■ Goal of the exercise: In the entries below, begin at the line that has "Mesita de Noche" and stop after the line that has "TLAČIDLO PROTI VANDALU, ZELENÉ PODSVIETENIE, 16mm TLAČIDLO"; output those lines exactly, leaving out pictures.
[[ Task input, beginning ]]
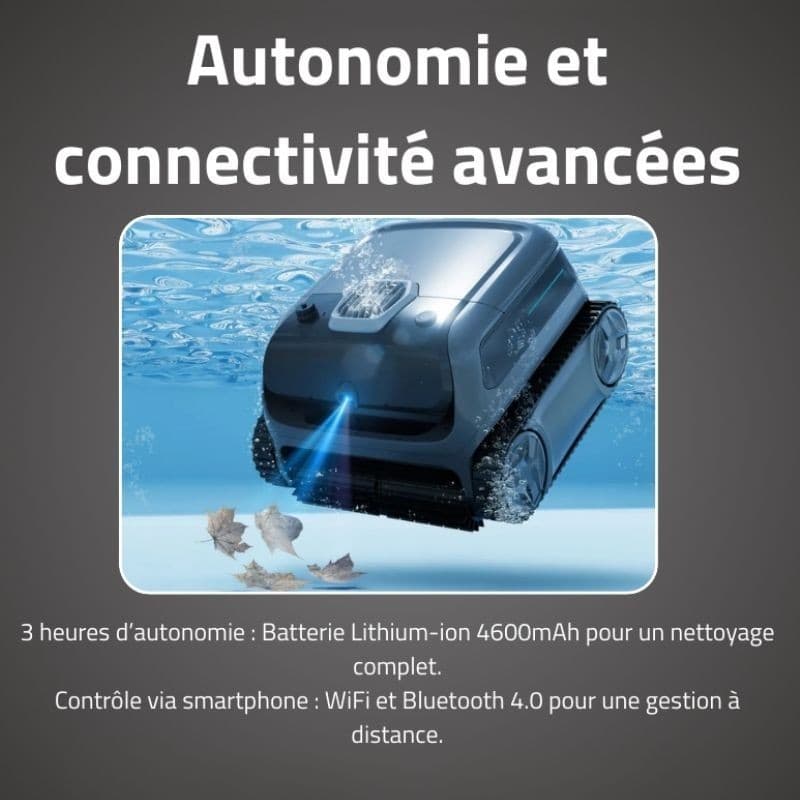 Robot piscine sans fil Atlas Vision nettoyage fond parois et ligne d'eau 200 m² max - miniature 3
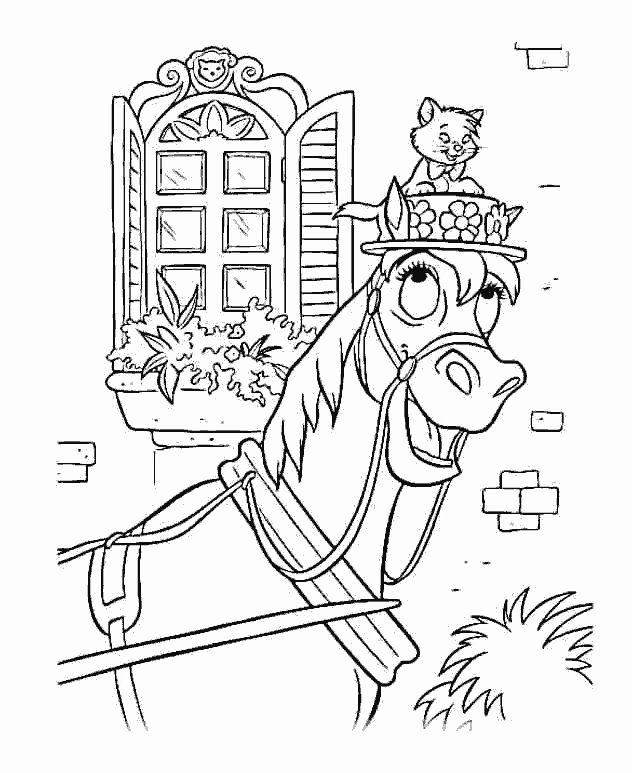 Disegno Gli Aristogatti cavallo con cappello fiorito da colorare Disegno Gli Aristogatti cavallo con cappello fiorito da colorare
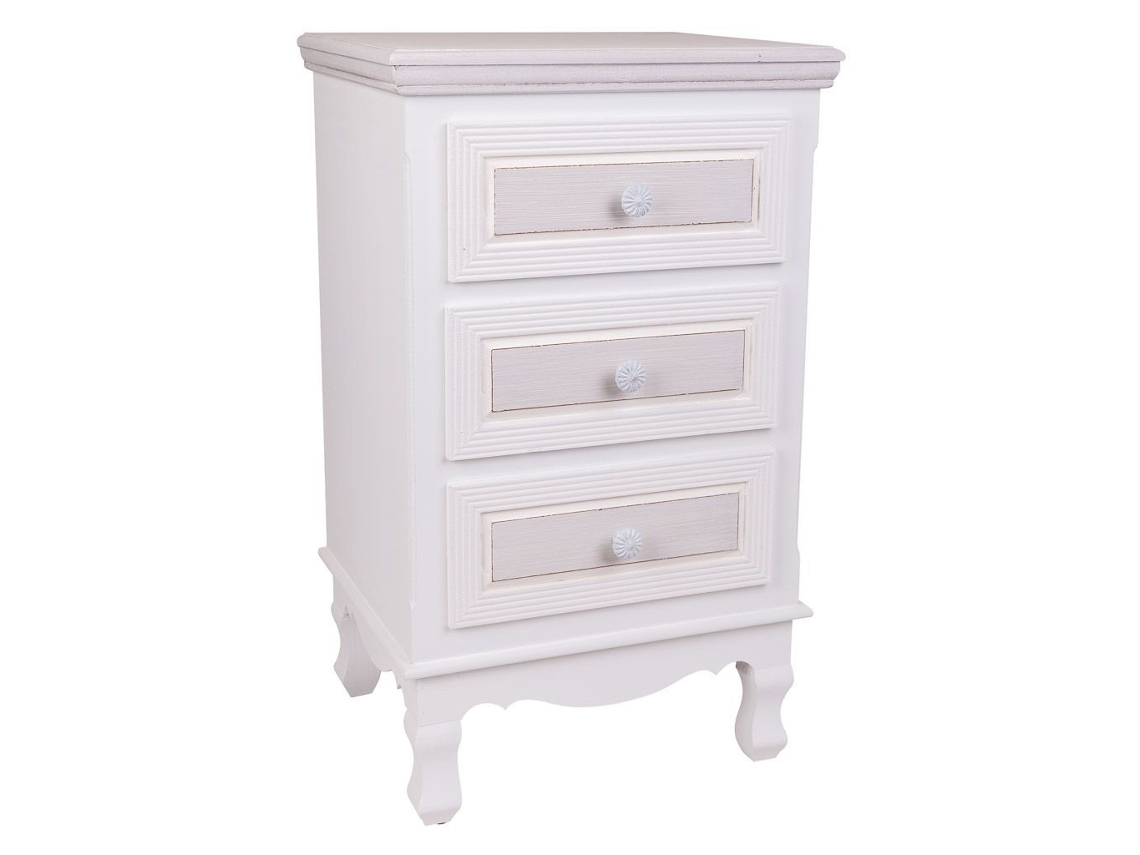 Mesita de Noche WANDERLUST DECO (Madera - Blanco - 41 x 33,5 x 68 cm)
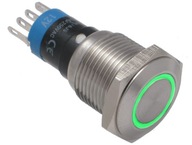 TLAČIDLO PROTI VANDALU, ZELENÉ PODSVIETENIE, 16mm TLAČIDLO PROTI VANDALU, ZELENÉ PODSVIETENIE, 16mm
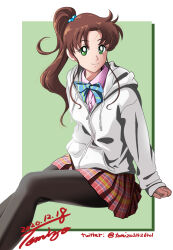 Rule 34 | 1girl, bishoujo senshi sailor moon, bow, brown hair, dated, green eyes, highres, kino makoto, kneehighs, long hair, long sleeves, pink shirt, plaid clothes, plaid skirt, ponytail, shirt, skirt, sleeves past wrists, smile, socks, solo, sweater, tomizofu, twitter username, white sweater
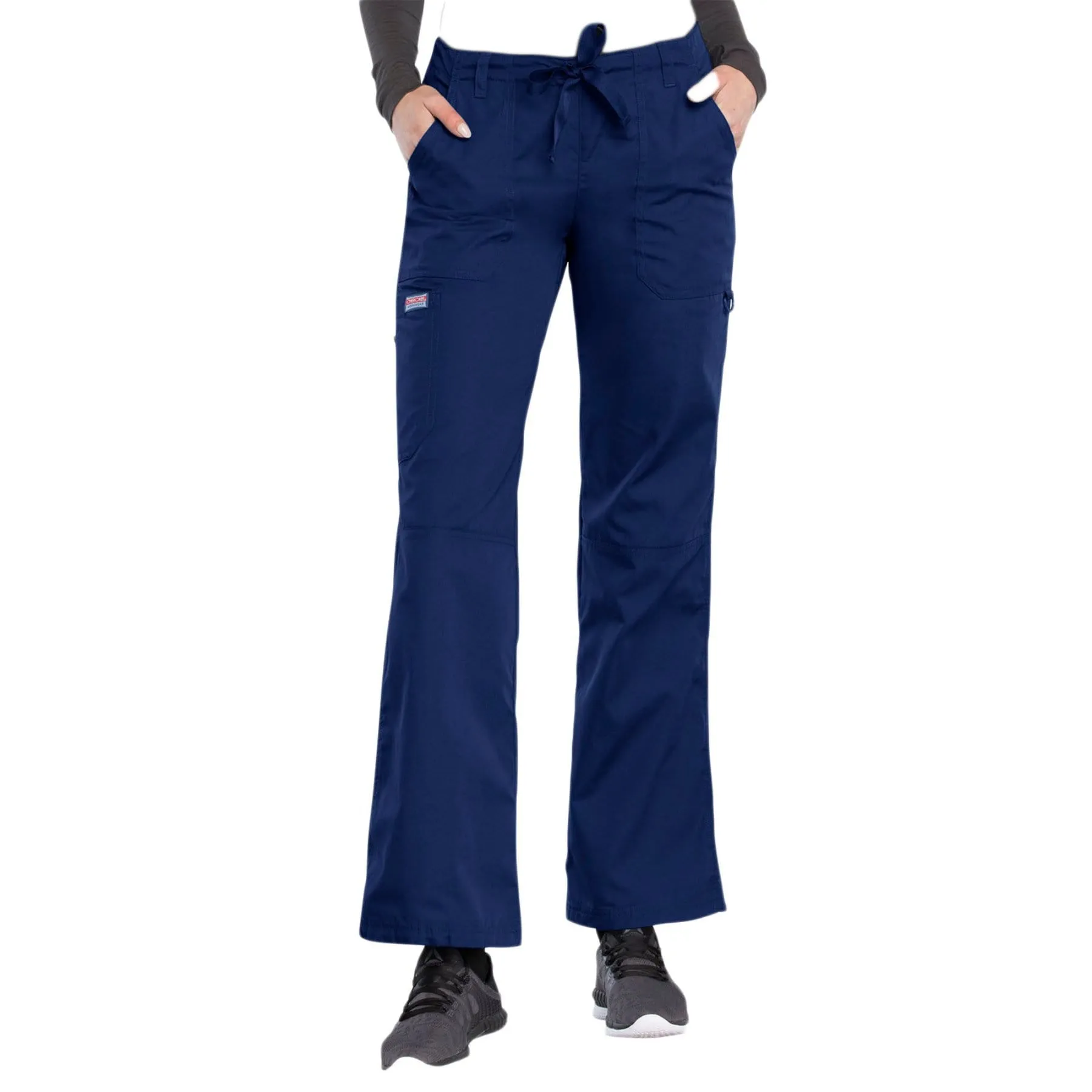 Cherokee Workwear 4020 Scrubs Pants Women's Low Rise Drawstring Cargo Navy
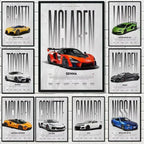 W16 750S Canvas Painting Sports Car Wall Art
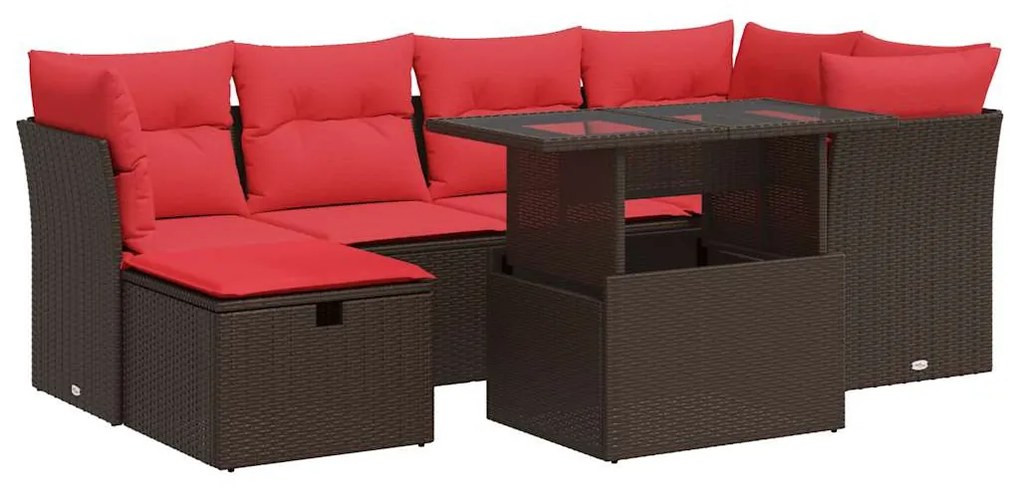 vidaXL 7 részes barna polyrattan akácfa kerti ülőgarnitúra párnákkal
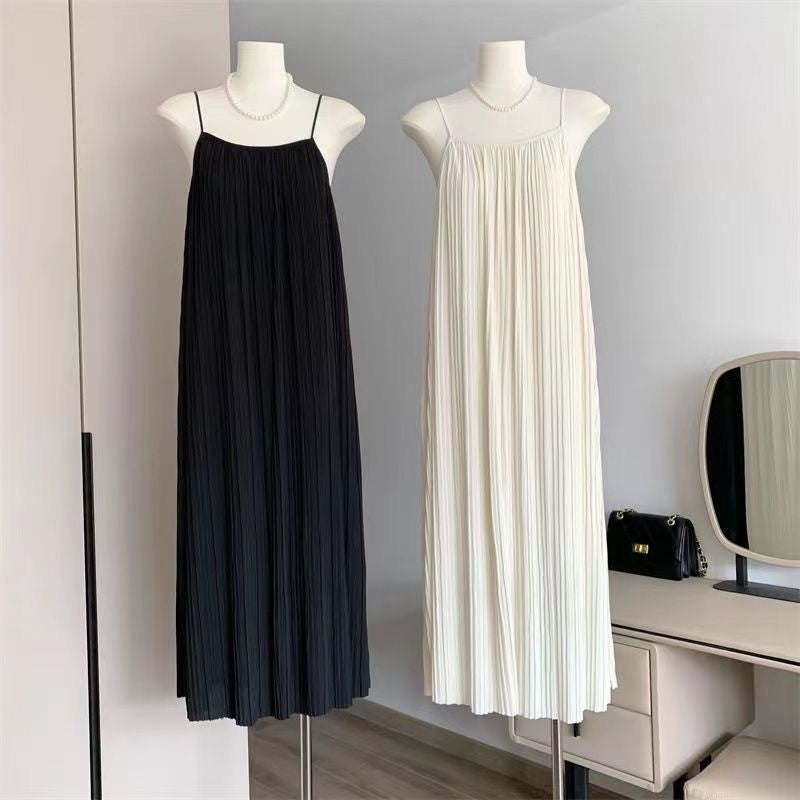 arwen&ajh مجموعة أروين التجارية 2024 Women's Pleated Slip Skirt For Summer 2024 High-end Elegant Slim-fit Dress Loose French Style Light Luxury Solid Color Long Skirt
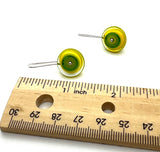 Medium Long Circle Earrings in Yellow and Green Glass and Sterling Silver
[[ Task input, end ]]
■ Exercise solution:
 Mesita de Noche WANDERLUST DECO (Madera - Blanco - 41 x 33,5 x 68 cm)
 TLAČIDLO PROTI VANDALU, ZELENÉ PODSVIETENIE, 16mm TLAČIDLO PROTI VANDALU, ZELENÉ PODSVIETENIE, 16mm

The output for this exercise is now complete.